The transformation from Elderflower to Elderberries!
Crab apples
In the autumn there was blackberries and crab apples in abundance and it has to be said that apple and blackberry crumble is one of my favourite dishes. We also had a look for damsons but this year has not been very good for them. Some people have suggested this may be to the late frosts that we had earlier in the spring.

Damsons are sparce this year
Bulaces are just like damsopn but rounder and more plum like
Yum yum - just like a plum!
We found the odd damson dotted around on the bushes but not enough for making jam or gin! We did however also find a few bulaces. These are a similar fruit and taste just like plums. I have never tried them before - so a new one for me, I thought they were delicious. Damsons are not really palatable raw and elderberries should never be eaten raw - they should always be cooked first.

On both the summer day and the autumn day out we took our gathered leaves and fruit back to the kitchen to then start cooking. To be fair John did all the cooking and we just sat and watched in awe!

Apples and Blackberries galore
Horseradish - gathered locally by John
John is very organised in his mobile kitchen. He gets 3 or 4 dishes all going at once and at the same time talks you through what he is doing. He also adds in plenty of anecdotes about each plant that he is using. John also knows a lot about Roman food and what they ate. He also knows about the origins of some of the plant names.

John cooking away in his mobile kitchen
Bacon and hawthorn filo roll
Elderflower fritter
In the summer some of the dishes John created were Saag Aloo using plantain leaves, nettle and lentil soup, bacon and hawthorn filo roll and elderflower fritters which were just amazing! He also created a salad using flowers such as honeysuckle and some more of the hawthorn leaves. I remember eating these as a child and we used to called the bread and butter!

Chicken with blackberries
Warm blackberry trifle
 At the autumn workshop John used his talent again to create some delicious food. He made a jus out of the elderberries, a chicken dish with blackberries and he mixed the crab apples with spice and cooked them for a very small amount of time before popping them in a pickling jar. The remaining blackberries were made into a warm trifle which was just amazing. 

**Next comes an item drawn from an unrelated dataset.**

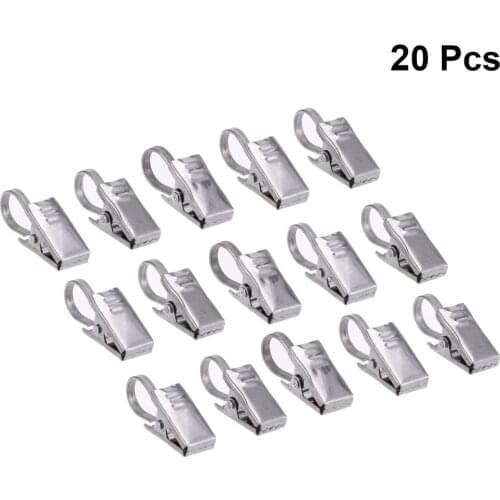 20PCS Rustproof Drapery Ring Satin Nickel Curtain Clips with Hook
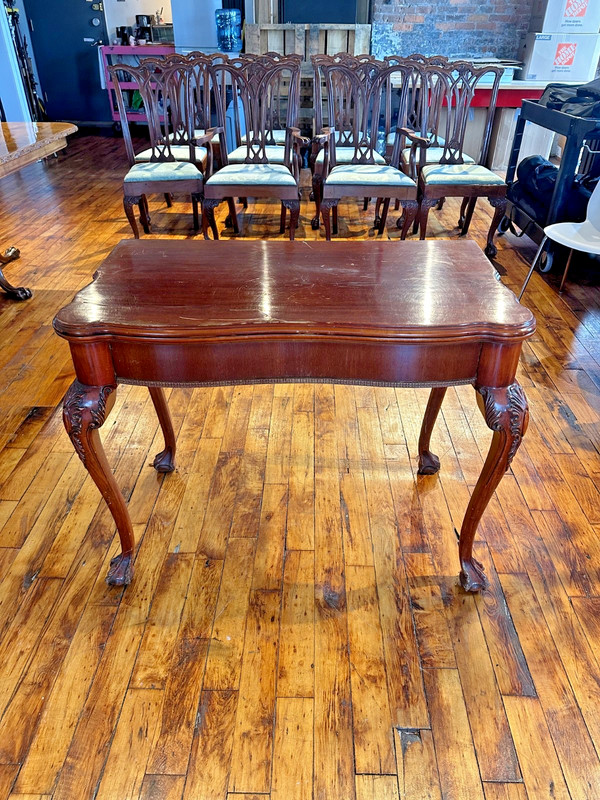 Rare Antique Chippendale Style Mahogany Fold-Over Table – Ball & Claw Feet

John is such a great, cheerful and knowledgeable man. What I like about him is his willingness to share all the knowledge that he has. He is passionate about foraging for food and wants everyone to share this enjoyment. If you ever get a chance to go to one of his workshops it is well worth it. I was so inspired by John that after each workshop I went out, gathered some of my own leaves and fruit and got cooking. My crumble is at the top of this blog! And not wanting to finish on a serious note but I have to say it again...only forage for and eat what you know and know how to prepare it - if you have any doubt don't eat it...there are some poisonous plants out there. Do what I did and get yourself booked on a course - they are a great way to learn and meet new people!